>>
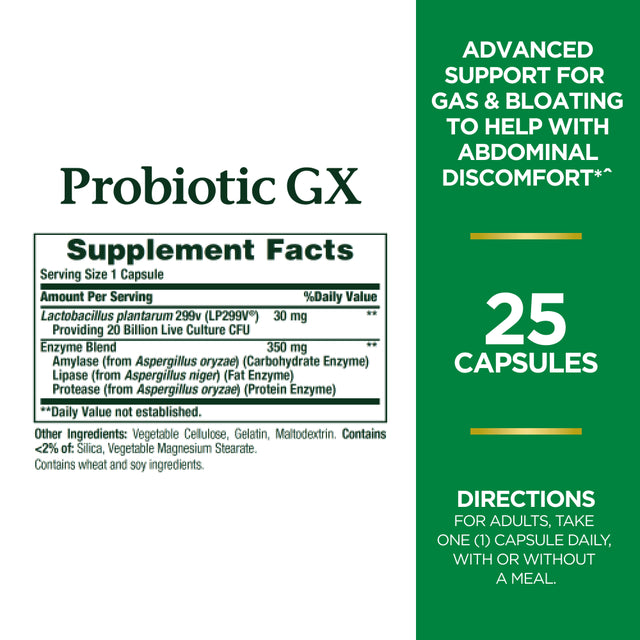 Nature'S Bounty Probiotic GX, Gas and Bloating Capsules, 25 Ct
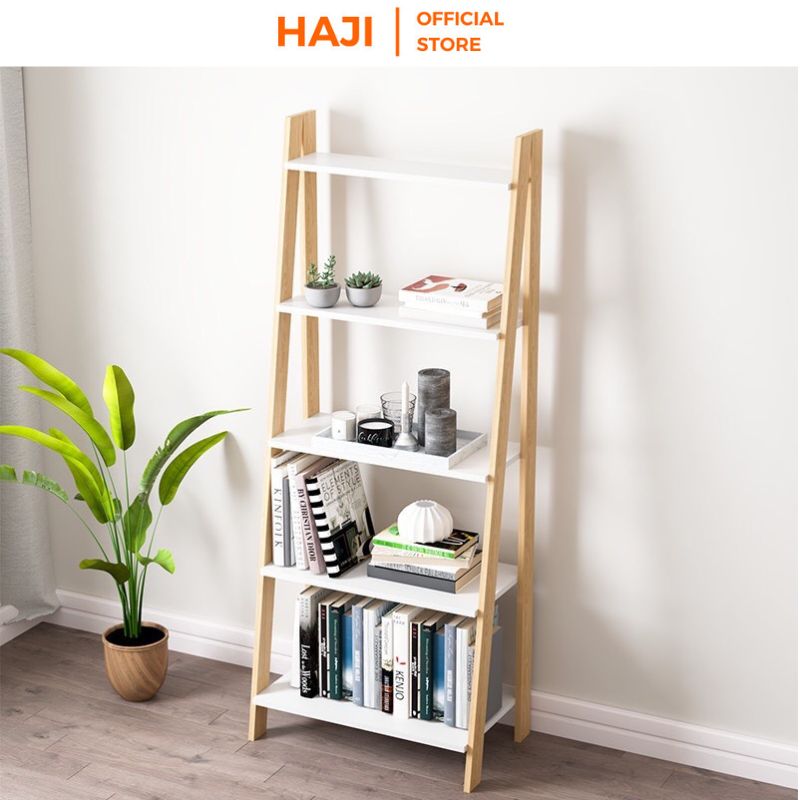 Kệ sách hình thang để sàn chắc chắn chống đổ, Kệ gỗ trang trí, trưng bày sản phẩm đẹp HAJI AP114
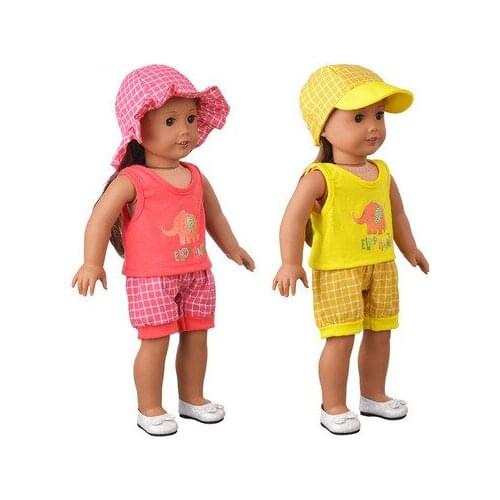 New Pattern Fashion Cartoon T-Shirt Shorts + Hat Fit 18 Inch American 43cm Baby Doll Clothes Accessories,Girls Toys
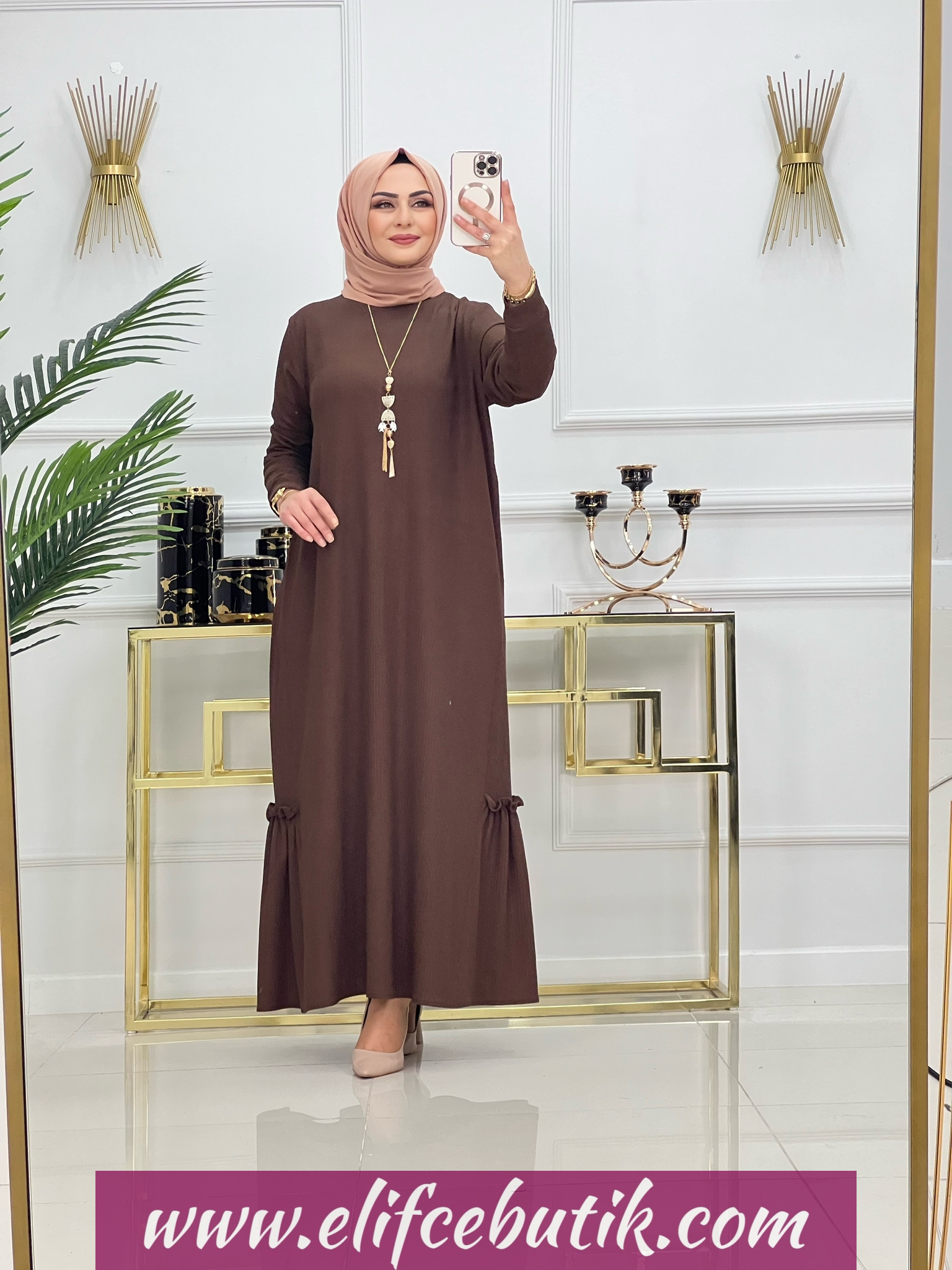 Bürümcük kumaş Güliz elbise - Görsel 10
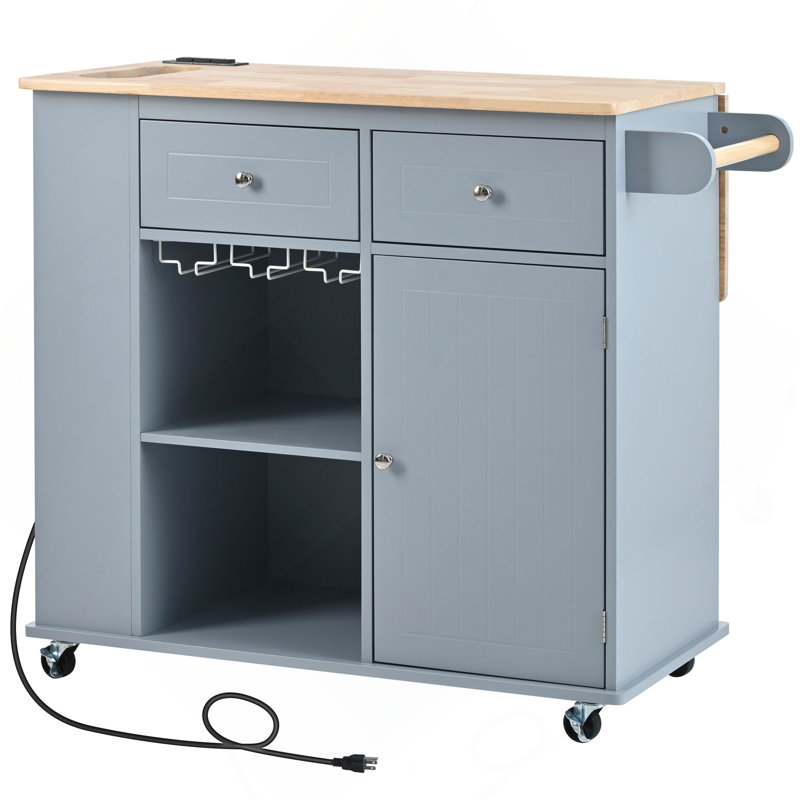 Kitchen Island With Power Outlet,Kitchen Storage Island With Drop Leaf And Rubber Wood,Open Storage And Wine Rack,5 Wheels,With Adjustable Storage For Home, Kitchen, And Dining Room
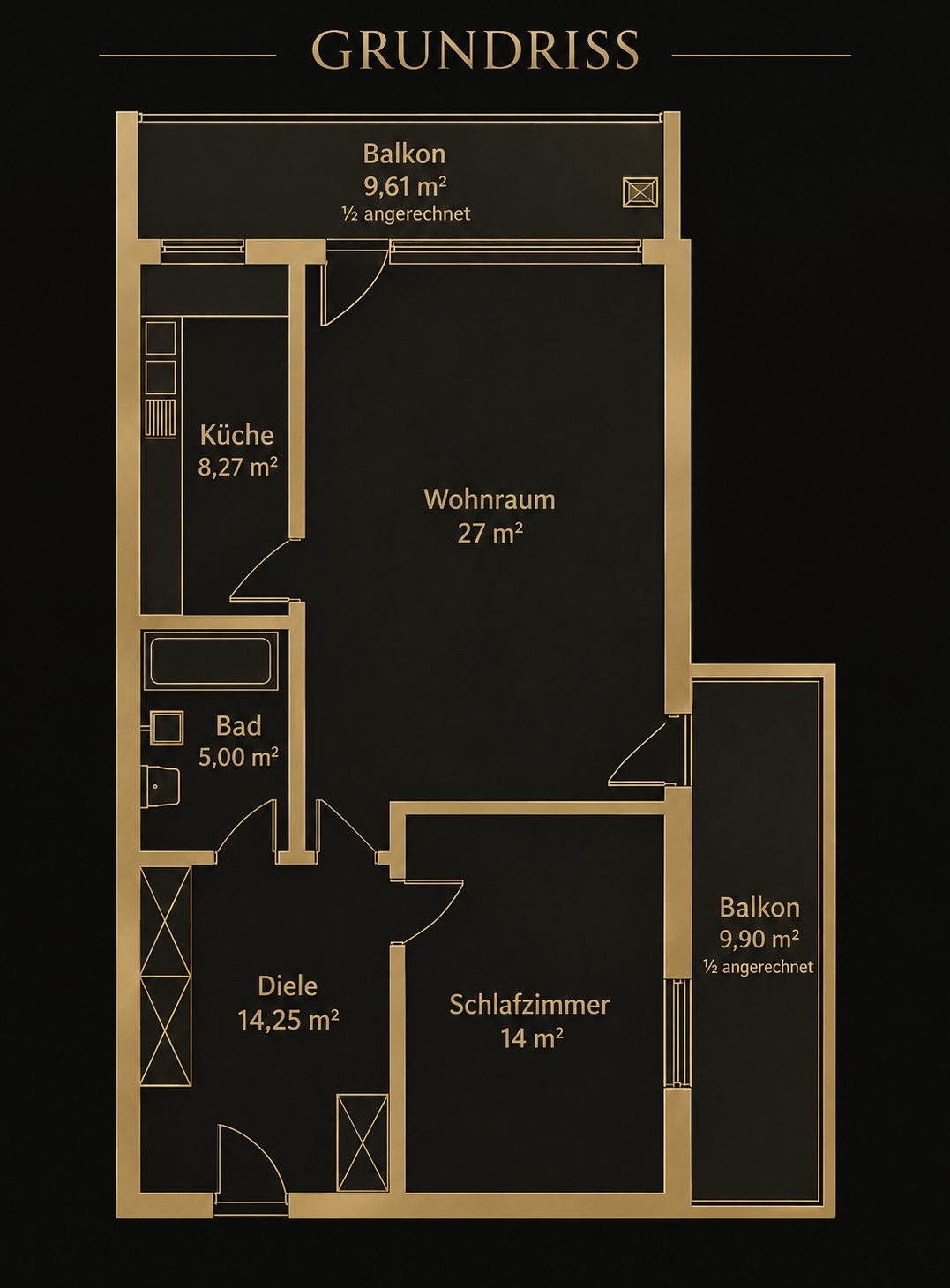 Grundriss der 2-Zimmer-Wohnung mit Wohnraum, Schlafzimmer, Küche, Bad, Diele und zwei Balkonen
<<
Reproduce the entries exactly, from the line with "New Pattern Fashion" to the line with "Kitchen Island With", both lines included, keeping no pictures.

 New Pattern Fashion Cartoon T-Shirt Shorts + Hat Fit 18 Inch American 43cm Baby Doll Clothes Accessories,Girls Toys
 Bürümcük kumaş Güliz elbise - Görsel 10
 Kitchen Island With Power Outlet,Kitchen Storage Island With Drop Leaf And Rubber Wood,Open Storage And Wine Rack,5 Wheels,With Adjustable Storage For Home, Kitchen, And Dining Room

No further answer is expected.